Increasing the percentage of intermittent and non-dispatchable supply from renewables in the energy mix, will have complex consequences for grid operation and management, particularly as more attention will fall on the condition of current physical assets. A developer that wants to connect a major onshore wind farm, for example, needs to understand what effect it might have on other grid assets, and whether they will need upgrading or reinforcement to cope with the increased supply. A seasoned engineer can offer an informed prediction on possible outcomes, assuming they are familiar with the assets, its age and its condition. However, with a digital twin, they can simply model the scenario and find out categorically whether the available assets are capable of handling new supply – without leaving their office.
As the ecosystem of interconnected assets and distributed resources in which they operate continues to expand and multiply, utilities will face more and more of these kinds of challenges. There will be more connection requests from industrial solar parks and domestic heat pumps, or from EV charging infrastructure and storage plants. With further connection requests comes the need for additional infrastructure, which will subsequently also rely on high-quality maintenance.
A Data Circle
The digital twin is becoming the unarguable tool to keep up with the pace of change.

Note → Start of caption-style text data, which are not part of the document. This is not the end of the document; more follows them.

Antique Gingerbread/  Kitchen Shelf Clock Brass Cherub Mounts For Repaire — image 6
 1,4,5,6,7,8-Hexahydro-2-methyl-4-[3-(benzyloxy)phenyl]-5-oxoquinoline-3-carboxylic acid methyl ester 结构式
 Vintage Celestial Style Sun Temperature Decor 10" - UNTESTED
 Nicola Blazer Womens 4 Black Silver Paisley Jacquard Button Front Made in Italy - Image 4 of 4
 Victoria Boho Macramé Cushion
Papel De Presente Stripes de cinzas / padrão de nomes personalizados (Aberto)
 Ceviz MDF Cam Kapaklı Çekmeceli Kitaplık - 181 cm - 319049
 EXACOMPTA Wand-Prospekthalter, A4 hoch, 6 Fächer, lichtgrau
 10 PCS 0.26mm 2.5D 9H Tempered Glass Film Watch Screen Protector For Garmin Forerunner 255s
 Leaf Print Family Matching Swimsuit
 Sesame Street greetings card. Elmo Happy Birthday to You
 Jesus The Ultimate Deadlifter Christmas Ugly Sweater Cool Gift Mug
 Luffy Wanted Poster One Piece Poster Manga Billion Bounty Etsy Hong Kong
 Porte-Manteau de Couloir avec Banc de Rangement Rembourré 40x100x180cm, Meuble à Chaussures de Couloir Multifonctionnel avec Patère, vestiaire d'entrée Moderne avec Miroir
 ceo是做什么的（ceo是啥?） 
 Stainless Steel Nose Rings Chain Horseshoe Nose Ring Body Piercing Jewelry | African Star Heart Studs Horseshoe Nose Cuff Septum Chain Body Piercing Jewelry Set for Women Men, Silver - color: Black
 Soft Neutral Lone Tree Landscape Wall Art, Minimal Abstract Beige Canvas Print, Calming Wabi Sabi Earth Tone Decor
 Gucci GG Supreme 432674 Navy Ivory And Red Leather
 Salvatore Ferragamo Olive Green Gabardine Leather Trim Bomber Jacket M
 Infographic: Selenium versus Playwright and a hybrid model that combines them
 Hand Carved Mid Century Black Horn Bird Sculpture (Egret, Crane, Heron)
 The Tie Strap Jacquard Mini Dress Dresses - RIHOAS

As a repository for collecting and indexing all network data, images, reports, analyses, and 3D point-clouds, it also expands the data that can be incorporated. A digital twin makes the case for extending data provision from current sources into new, previously unexplored areas. Aerial powerline inspection data gathered by drone and by helicopter using LiDAR, hyperspectral and HD RGB imagery is just one example of what can now be deployed. Even third-party data sources – for example satellite data for up-to-date status checks on powerlines, fault-event history, and meteorological data – can augment current capabilities and enable a leaner, more responsive operation.
Inevitably, utilities will need to continue to respond to catastrophic weather events and natural disasters. In these cases, the intricate, detailed understanding of the grid, its connected assets, and their immediate surroundings provided by a digital twin creates order in the midst of chaos, aiding emergency services and asset operators in the development of a fully informed, risk-managed response. On a more positive note, as AI algorithms ultimately learn to predict and prevent blackouts, the grid will become more resilient from each hazard or fault. Proactive measures are crucial as the power landscape, and the broader global context, continues to shift and present uncertainties to utilities.
Petri Rauhakallio is VP, Customer Operations at Sharper Shape, headquartered in Helsinki, Finland. Petri, an experienced IT and startup professional, has worked in various management positions and has a proven track record in R&D, project and product management, business development, sales and marketing. Petri has previously worked in companies including Walkbase Ltd., Teclo Networks AG, Tema Networks Ltd., Synapse Mobile Networks Ltd, Navicore Ltd., Locus Portal Corp. Petri holds a M.Sc. in Surveying and he has also studied creative methods in team management and coached in management personal development training courses.